7. Remembering Faithfulness Equals Success

How will we know when we have been a success? Is there anything by which we can gauge our success? The world judges success and failure largely by externals. The number of friends you have, the size of your house, the amount of money in your bank account, the age by which you can retire, the places you have traveled, the level of your influence, the position you have risen to, and so it goes. Sadly, many churches are seemingly using many of these same standards to judge their own success. How big is the budget, how many members, attendance figures, number of ministries, prominence and name recognition within the community, are all used as measurements of success. None of these things, in and of themselves, is wrong and certainly there is a place and time for examining each of these issues in the right way. But are they the secrets to our success?

The Bible teaches that success is not determined by numbers, budgets, or crowds. Success, according to Scripture, boils down to one single word. Faithfulness. God doesn’t want our numbers, He isn’t impressed with our marketing campaigns, and He is not awed by crowds. What God wants is faithfulness. Paul made this clear in 1 Corinthians 4:1-2,

“Let a man regard us in this manner, as servants of Christ and stewards of the mysteries of God. In this case, moreover, it is required of stewards that one be found trustworthy. “

That word “trustworthy,” can also be translated “faithful.” Paul says we are to gauge our success according to our faithfulness to God and His Word. Faithfulness is what God wants from all of His “servants” and “stewards.” We long to hear our Lord and Master say “well done, good and faithful servant” (Matthew 25:21).

Joseph Stowell, has described faithful ministry as “living and undaunted ministry life that is regularly faithful to the tasks of ministry, regardless of whether the outcomes are spectacular, average, or seemingly few and far between.” This is, by God’s grace, what we seek to do. Our tendency as human beings is to always look at external, measurable, quantifiable, tangible gauges for determining value and success, but this is not God’s way (1 Samuel 16:7). We will need to remain vigilant to not appraise our success according to externals but according the principles laid down in God’s word. As one faithful pastor has said, “we will ensure the depth of our ministry and let God take care of the breadth.”

8. Ensuring Excellence in all Things

We believe that God deserves our best. This means that we will we endeavor to render service unto God in an excellent way. Paul understood this when he wrote,

“Whatever you do, do your work heartily, as for the Lord rather than for men, knowing that from the Lord you will receive the reward of the inheritance. It is the Lord Christ whom you serve. ” (Colossians 3:23-24)

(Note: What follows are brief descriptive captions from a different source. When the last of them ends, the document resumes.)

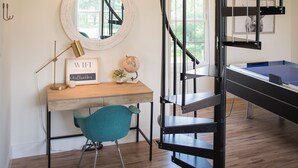 A room with a desk, chair, and a spiral staircase. - "The Primm Loft" Private, Spacious, Clean & New (Murfreesboro)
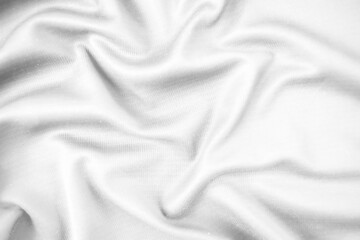 Abstract white fabric texture background. Wavy white cloth.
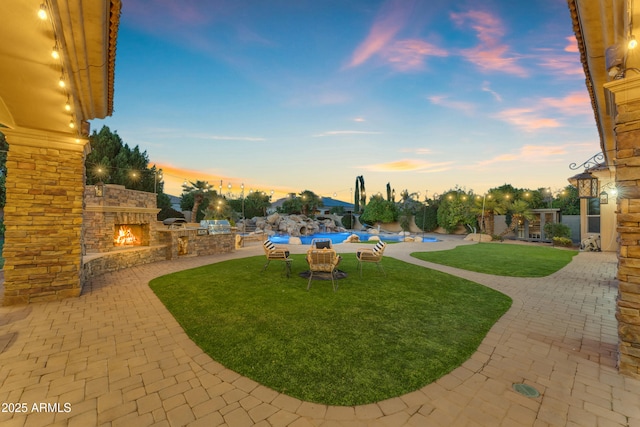 yard at dusk with exterior kitchen, an outdoor stone fireplace, and a patio area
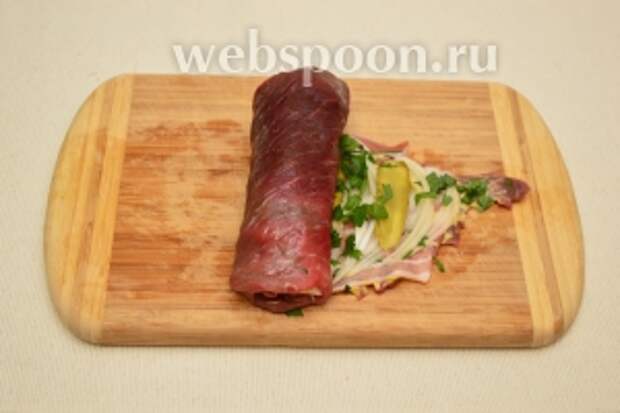 Аккуратно и плотно завернуть мясной пласт с начинкой в рулет.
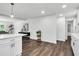 Modern kitchen featuring white cabinets, stainless steel appliances, and a center island with bar seating at 529 Greystone Trl, Marietta, GA 30068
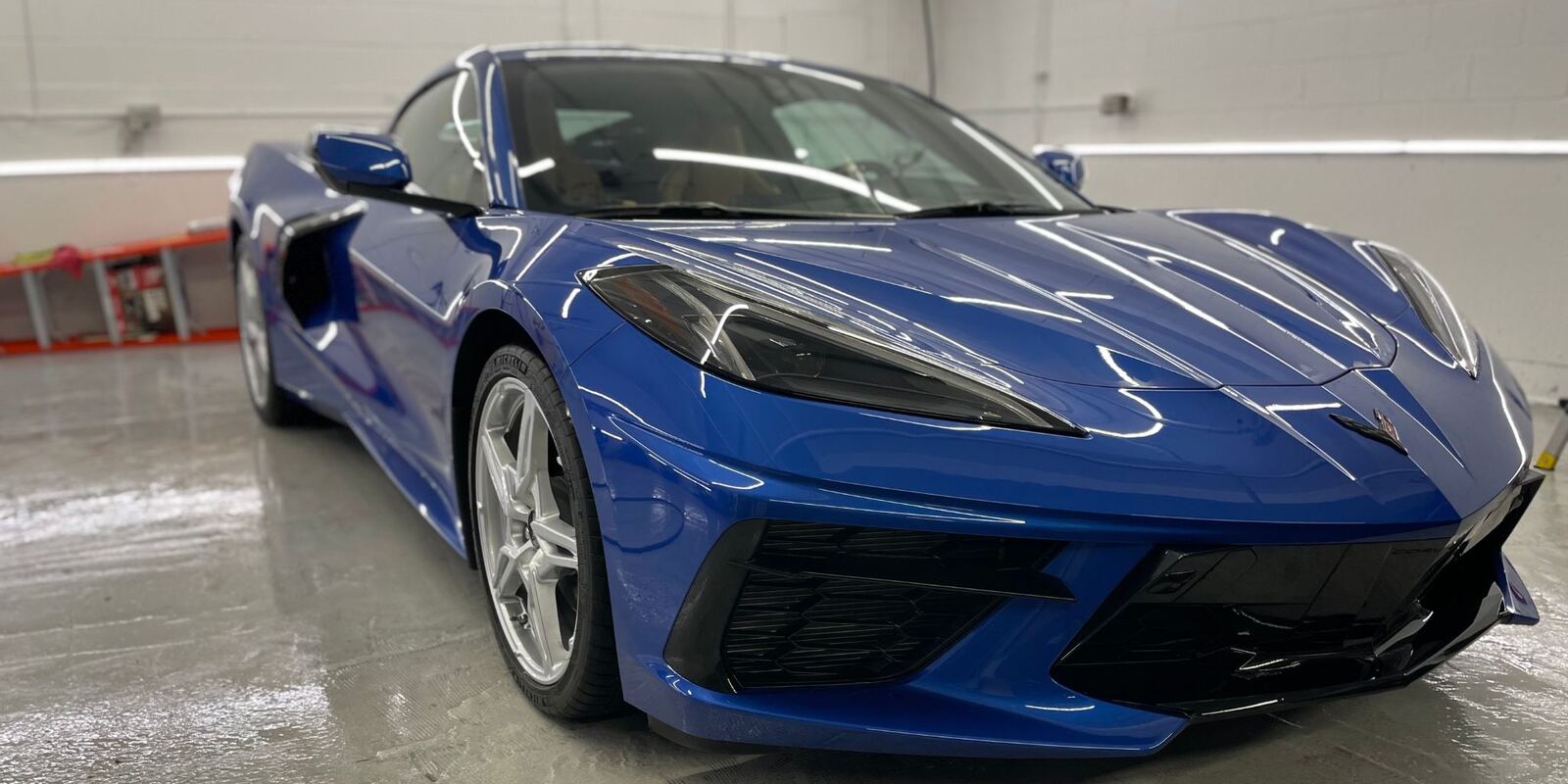 Blue Corvette with a glossy ceramic-coated finish in the studio bay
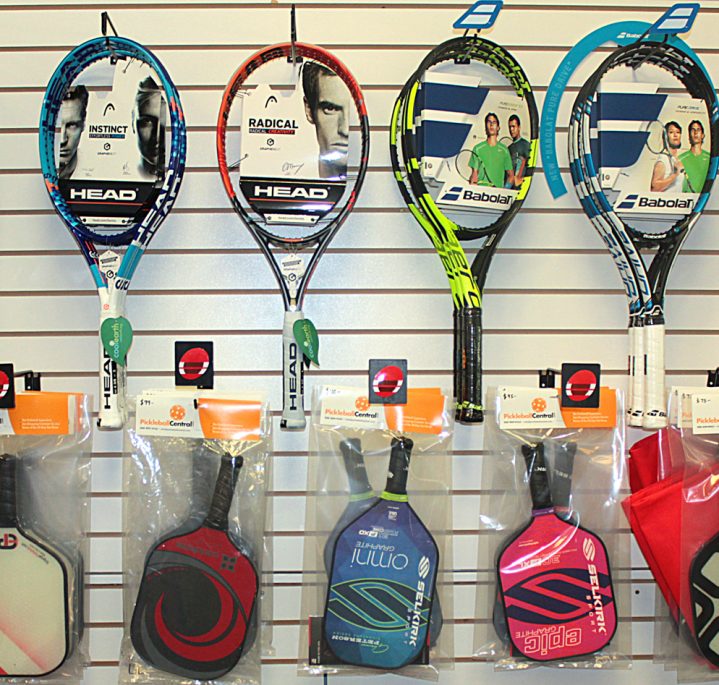 tennis rackets and pickleball paddles in pro shop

In whatever we do, we are to do our work with our whole hearts as unto the Lord rather than for men. In ensuring excellence in all things, we are not simply trying to achieve a “polished look” that will appeal to our modern sensibilities. We are seeking to render excellence in our service in order to give to God what He deserves; beauty, precision, value, hard work, preparation, sincerity, thoroughness, genuine care, etc. We should be distressed and concerned when we see second rate service, shabby maintenance, and mediocre ministry (Malachi 1:8, 11-14). God is a God of excellence and our service to Him should be par excellence. This of course brings us full circle to our first core commitment of “pursing the glory of God”. As we intentionally pursue God’s glory we will also be seeking to ensure excellence in all things.

So we have seen what is our common mission, our common desire, and our common commitment. Only as we keep these unifying distinctives at the forefront of our minds will we be able to fully be what God wants us to be. May the Lord bless His church as we seek to worship Him with one voice, one heart, and one mind.